In the volatile stock market, the Systematic Investment Plan (SIP) stands out as a reliable choice. SIP allows investors to profit from market ups and downs without the stress of timing. This disciplined approach involves investing fixed sums at regular intervals, offering a shield from market volatility. Embraced by Indian Mutual Fund investors, SIP is positioned as the optimal entry point for long-term investments.
What is SIP?
Systematic Investment Plan (SIP) is a method of investing in Mutual Funds allowing investors to contribute a fixed sum regularly, like monthly or quarterly, rather than a lump sum. This, starting from as low as Rs. 100 per month, is same as a recurring deposit and is hassle-free with automated monthly deductions. Popular among Indian Mutual Fund investors, SIP ensures disciplined investing. It is an ideal long-term investment strategy, emphasising the importance of starting early and consistent contributions for optimal returns.

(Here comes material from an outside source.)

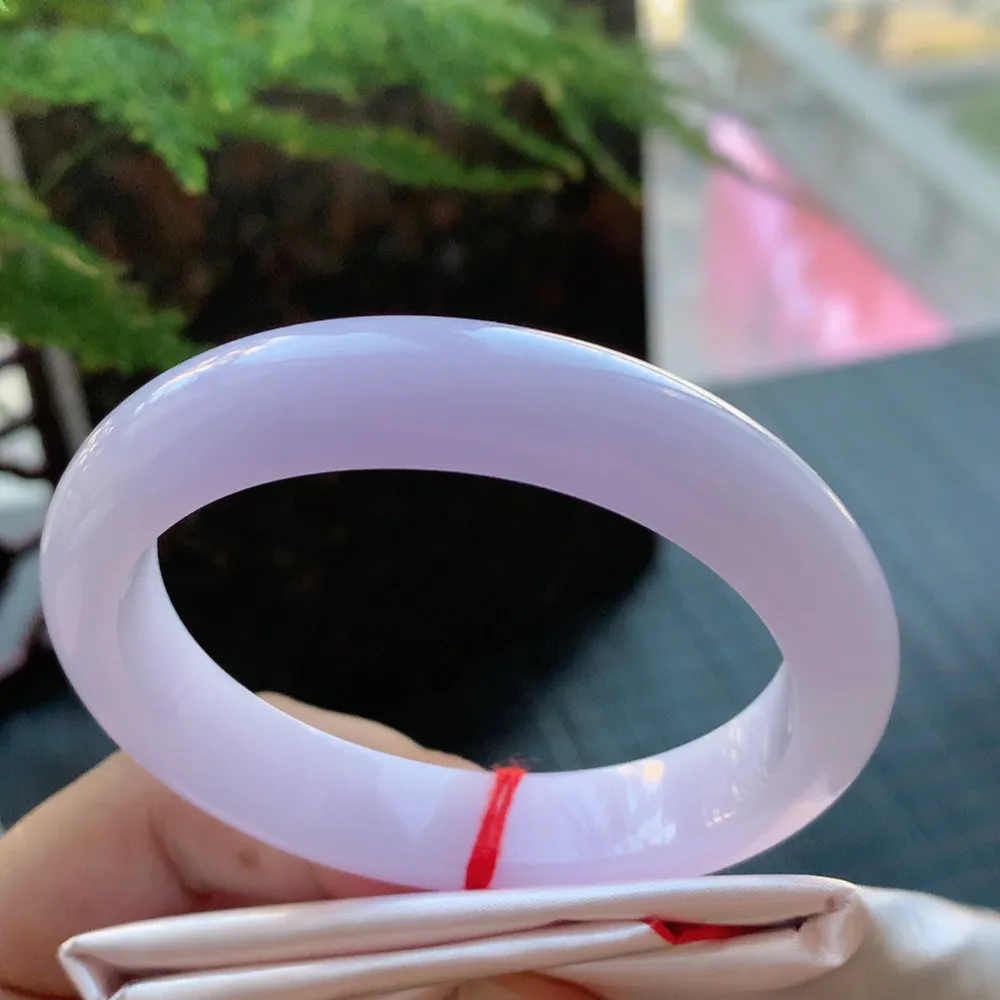 贵妃满色紫罗兰 无瑕 尺寸:54.3/48.6/11.3/8.1 超美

In essence, the mantra is to "Start Early, Invest Regularly" for the best outcomes in long-term investments.
How do SIPs work?
Understanding the functioning of a Systematic Investment Plan (SIP) is crucial for maximising returns with minimal investment. Follow the steps below to comprehend the workings of an SIP investment plan:
- Thoroughly research the best SIP plans you intend to invest in.
- Select a fund which aligned with your financial goals and risk profile.
- Determine the frequency and amount of your SIP investments.
- Carefully complete your KYC authentication and provide bank account details with auto-debit activation for uninterrupted SIP investments.
- Once activated, the SIP amount is allocated to the chosen mutual fund scheme.
- The fund manager invests the accumulated amount in various assets based on the scheme's investment objective.
- On the SIP date, the deducted amount from your bank account is used to purchase units at the prevailing Net Asset Value (NAV).
- Enjoy the flexibility to adjust your SIP contributions as needed.
- Utilize online tools like the Bajaj Finserv SIP calculator to estimate returns based on your SIP investment plan.
Understand Systematic Investment Plan (SIP) with an example
Let us assume that you want to start an SIP for Rs. 5,000 every month to invest in a mutual fund ‘A”. The present value (NAV) of the mutual fund is Rs. 50 per unit, so you will get 100 units of the fund.
Month | Investment amount | Present value | Units allocated | Total units |
0 | Rs. 5,000 | Rs. 50 | 100 | 100 |
1 | Rs. 5,000 | Rs. 40 | 125 | 125+100 = 225 |
2 | Rs. 5,000 | Rs. 52.6 | 90 | 225+90 = 315 |
3 | Rs. 5,000 | Rs. 100 | 50 | 315+50= 365 |
Similarly based on the NAV of the mutual fund, the units allocated will change each month, and get added to your portfolio. This change in NAV also impacts your investment amount. Thus, an SIP helps mitigate the risk of market volatility and achieve the investor's long-term financial goals.
Features of SIP investment plans
- Rupee cost averaging: SIP uses the strategy of rupee cost averaging, helping investors benefit from market fluctuations. During market downturns, the fixed investment buys more units, and during upswings, it buys fewer units. This approach helps mitigate the impact of market volatility over time.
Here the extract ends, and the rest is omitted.